We have a custom codegen and custom assembler. The custom codegen takes as input an s-expression variant of some of LLVM IR and produces our current assembly language. I would like to avoid bundling everything in one action/job to make moving away from this model easier.

Is there a relatively simple way to have the driver generate a different file extension for its “assembly” files? Then I can have the driver check the extension and make a (save-able for debugging) intermediate ‘.s’ file while fitting into the assembler tool paradigm and saving temps. We also do have ‘.s’ and ‘.S’ files to manage.

My goal is making incremental motion to LLVM codegen paths more sensible. We can twiddle our codegen to take MIR-style inputs piecemeal, I hope. Our codegen is BURG-based and has a considerable number of rules to translate. Finding steps on the way would be terribly useful.
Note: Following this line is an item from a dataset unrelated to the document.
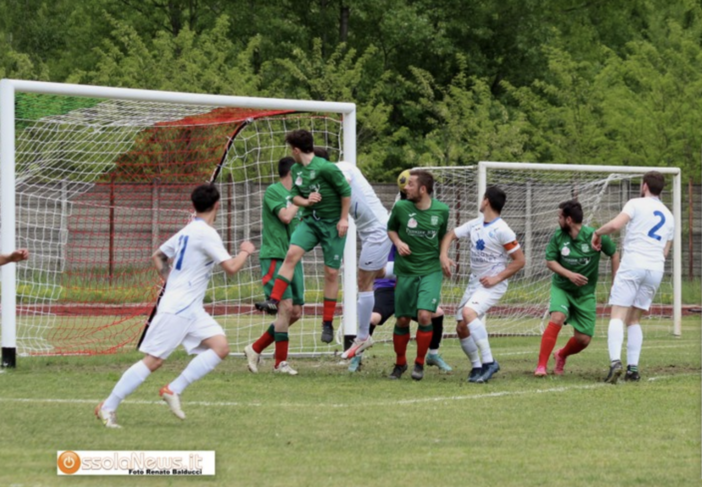 Seconda Categoria, Esio a valanga nel derby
I’ve been looking at the DirectX/DXIL backend (thank you @beanz and How could I tackle a simple "pass-through" code generator? - #4 by beanz !). But I’m lost on simple things like file extension translation. I’m ok with adding our own file extension to Types.def, etc. as an intermediate step. I would prefer not having ‘.s’ be our intermediate textual form but rather our assembly textual form. Similarly, I can trick out our assembler to translate a magic extension into a ‘.s’ file (declared as a save-able temporary in the driver somehow) while producing the ‘.o’ output.

But does anyone know how can I massage cc1 into producing a different assembly file extension?

Likely the answer is somewhere in clang/lib/Driver/ToolChains/, but I haven’t found it. I’m hoping the response is far, far shorter than my question.

1 Like

For mapping file extensions to input types, you probably want ToolChain::LookupTypeForExtension, which you can override in your toolchain implementation (Darwin.cpp has an example of this). Although if you’re defining a new input type, rather than leveraging the existing assembly type, you might need to fiddle with something deeper down.

As for setting the assembler extension on output, I suggest grepping for OPT_S and see where that leads you. I see mentions in Driver.cpp and ToolChains/Clang.cpp.

There’s a table in clang/include/clang/Driver/Types.def, used in clang/lib/Driver/Types.cpp, suffix returned by getTypeTempSuffix. The output asm extension seems to be from getTypeTempSuffix in GetNamedOutputPath in Driver.cpp. But this is just from a quick experiment.

Thank you! Gives me more starting places.

I wish the compilation chain framework were a bit more flexible, but I don’t have time to tackle that right now.